Civis se mobilizam para ajudar vítimas dos terremotos na Venezuela
Ao Metrópoles, moradores da Venezuela relataram a situação precária do país após os fortes tremores, e a atuação de civis diante da crise

Pessoas espalhadas pelas ruas repletas de escombros, interrupções de energia elétrica, falta de itens básicos como comida, água e roupas, muitos desaparecidos, e civis mobilizados para ajudar vítimas.
Este é o cenário no país descrito por venezuelanos ouvidos pelo Metrópoles após os terremotos que atingiram a Venezuela na noite de quarta-feira (24/6), deixando um rastro de destruição e morte na nação caribenha.
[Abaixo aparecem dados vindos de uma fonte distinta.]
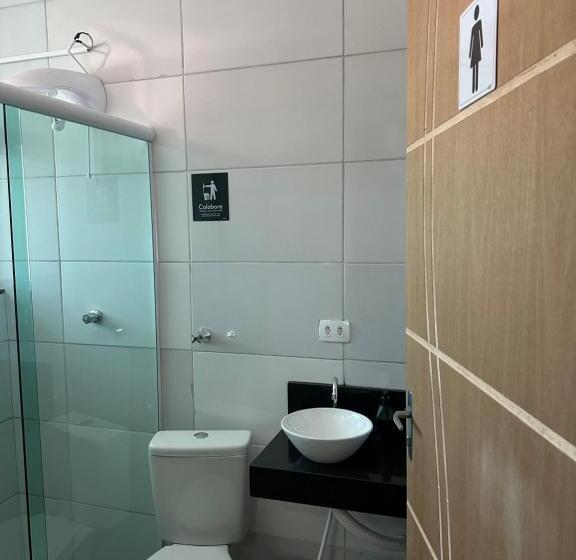 اتاق استاندارد با سرویس بهداشتی مشترک, Guaru Inn Hostel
“A população está muito afetada. Muitas pessoas estão espalhadas em praças e nas ruas depois de perder suas casas”, disse o venezuelano Ronald Figeroa em conversa com a reportagem. “Além disso, ao menos três hospitais em Caracas estão sem funcionar, incluindo um destinado a crianças”, acrescentou.
O venezuelano, que mora na capital do país, afirma que a Guarda Nacional Bolivariana (GNB), a Direção Nacional de Proteção Civil e Administração de Desastres (DNPCAD), e equipes dos Bombeiros estão atuando em Caracas. Mas sem a existência de uma “logística definida”, revela Figeroa, o que dificulta os trabalhos de resgate de desaparecidos e também força a população civil a agir.
“A sociedade civil está se organizando para ajudar nas buscas, mas não temos muitas ferramentas. Também estamos distribuindo comida em bairros mais afetados”, explica Figeroa.
Segundo informes de autoridades venezuelanas, 235 pessoas morreram e cerca de 4,3 mil ficaram feridas após os abalos sísmicos. Até o momento, o número oficial de desaparecidos ainda não foi divulgado, mas estimativas apontam milhares de pessoas continuem sumidas após os terremotos.
O Itamaraty confirmou que dois brasileiros estão entre os mortos.
O governo interino do país, liderado por Delcy Rodríguez, anunciou US$ 200 milhões (cerca de R$ 1 bilhão) para a reconstrução do país. O valor virá do Fundo Monetário Internacional (FMI).
Os tremores
- Dois terremotos atingiram a Venezuela na noite de quarta-feira (25/6). Os tremores foram os maiores registrados no país desde 1900.
- O epicentro dos abalos sísmicos foi registrado no estado de Yaracuy. O primeiro deles teve magnitude 7,2. Cerca de 39 segundos depois, um novo terremoto, desta vez de 7,5, aconteceu na mesma região.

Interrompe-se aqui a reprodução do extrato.